Caitlin – Guardrails (13th Floor EP Review)

Caitlin’s Guardrails is a measured, introspective indie-pop record with a quiet emotional tension running underneath.

It refines her previous sound into a controlled and deliberate form, blending acoustic foundations with subtle electronic textures to explore themes of routine, self-doubt, and rebuilding trust in herself. The EP holds a consistent tone throughout, offering a cohesive and introspective set of songs that sit with uncertainty rather than resolving it.

Written largely in solitude by Ōtautahi based Caitlin Bradley, and co-produced with Will McGillivray, the EP sits between emotional immediacy and something more reflective. Acoustic guitar lines often form the foundation, threaded with light electronic textures and restrained rhythmic movement. The arrangements are measured, giving each element space without leaving gaps. Her voice sits forward, direct and unforced, carrying the songs without excess. There is a clarity in both delivery and intent that anchors the record.

That focus plays out through songs that trace personal change and resistance without pushing towards an outcome. Wash sets that tone early, caught between moving on and holding back. Framed around a moment of quiet observation, it reflects on a relationship in motion while remaining emotionally stuck. Water imagery runs through the track, streams and rivers carrying away what has been built, while the line “water your own pasture” shifts the focus inward, suggesting growth through patience and self attention, even as the closing admission, “I can’t give you away”, holds onto what cannot yet be released.
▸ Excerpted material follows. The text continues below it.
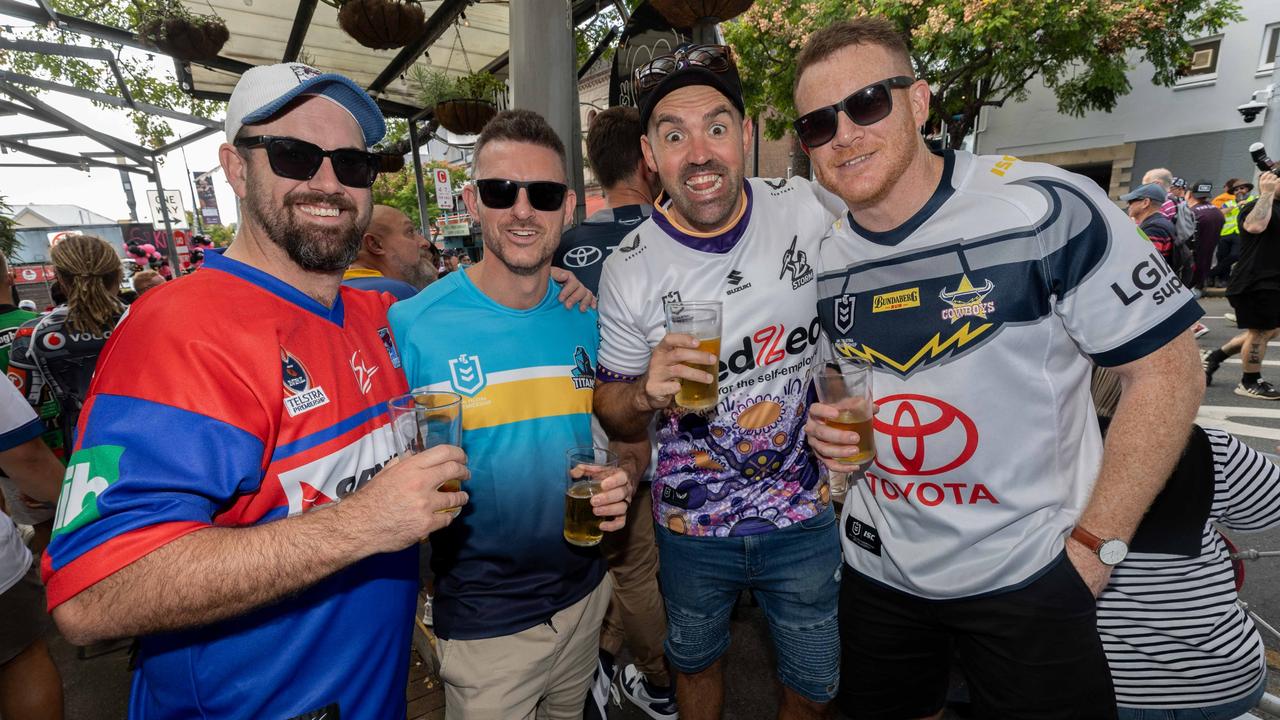 NRL Magic Round social photos by Stephen Archer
That dynamic sharpens on You’re Only Good To Calm Me Down. Built around electric guitar, it has an immediate presence. The song captures a relationship where emotional comfort stands in for resolution. By contrast, Tied develops from a sparse acoustic opening into a fuller arrangement, adding layers rather than breaking form. The shift is gradual, mirroring the slow recognition of being stuck and the effort required to move beyond it. 
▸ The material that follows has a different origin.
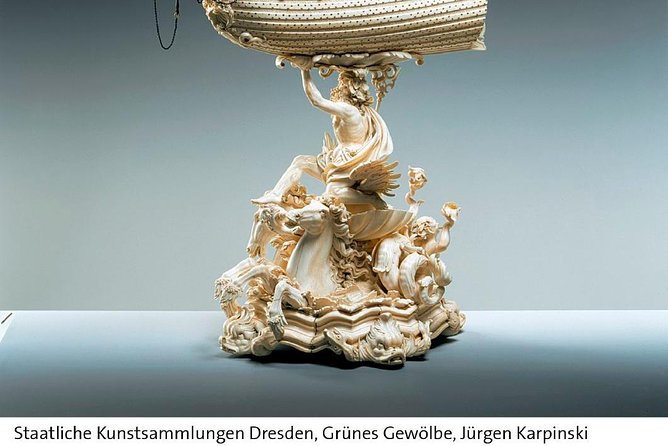 Dresden: New Green Vault and Semper Opera Tour - Meeting and End Points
Elsewhere, Outline pulls things back with delicate acoustic guitar work and sparse percussion. It leans into space and phrasing, sketching emotional boundaries through a vocal that remains intimate and close. 

Go Figure slows the tempo further, with vocals drifting in and out over a steady acoustic pulse, a low drone running underneath. That restraint carries into the closing title track Guardrails, with the arrangement opening out just enough to feel resolved musically, even as the themes remain unsettled. The track draws together the EP’s acoustic and electronic elements, holding them in a fine balance while returning to the idea of self trust and consequence.

The music moves between moments of repetition and others where it carries a light sense of progression. That interplay connects with the visual world around the EP, including the video work, where Caitlin moves between open South Island landscapes and the solid lines of Ōtautahi’s architecture reflecting the pull between different but connected environments. 

Guardrails holds a steady line from start to finish, its songs working together rather than competing for space. The writing stays grounded in detail and shaped by an awareness of personal responsibility, while the sound remains precise and measured throughout. It marks a clear step forward for Caitlin, moving into a more defined, self-contained approach without losing emotional clarity. What stays with you is the sense of someone learning to navigate uncertainty on their own terms, allowing that process to play out in its own time.